What needs to be done: Without the images, repeat every line of the listing exactly.

[[ Provided material, beginning ]]

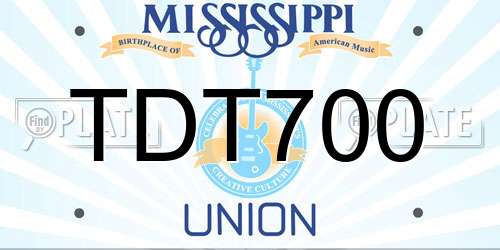 TDT700 Mississippi License Plate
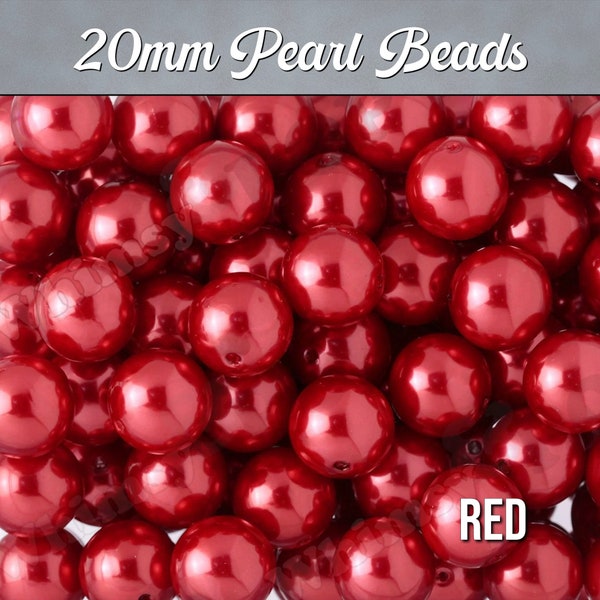 20mm - Pearl Metallic Red Gumball Beads, Chunky Pearl Beads, 20mm Pearl Beads, Pearl Gumball Beads, Bubblegum Beads, Red Beads, 2MM Hole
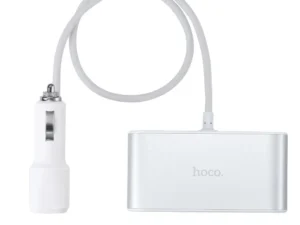 HOCO car charger splitter 3in1 with digital display + 2 x USB A 2,1A Z13 silver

[[ Provided material, end ]]

Task response:
 TDT700 Mississippi License Plate
 20mm - Pearl Metallic Red Gumball Beads, Chunky Pearl Beads, 20mm Pearl Beads, Pearl Gumball Beads, Bubblegum Beads, Red Beads, 2MM Hole
 HOCO car charger splitter 3in1 with digital display + 2 x USB A 2,1A Z13 silver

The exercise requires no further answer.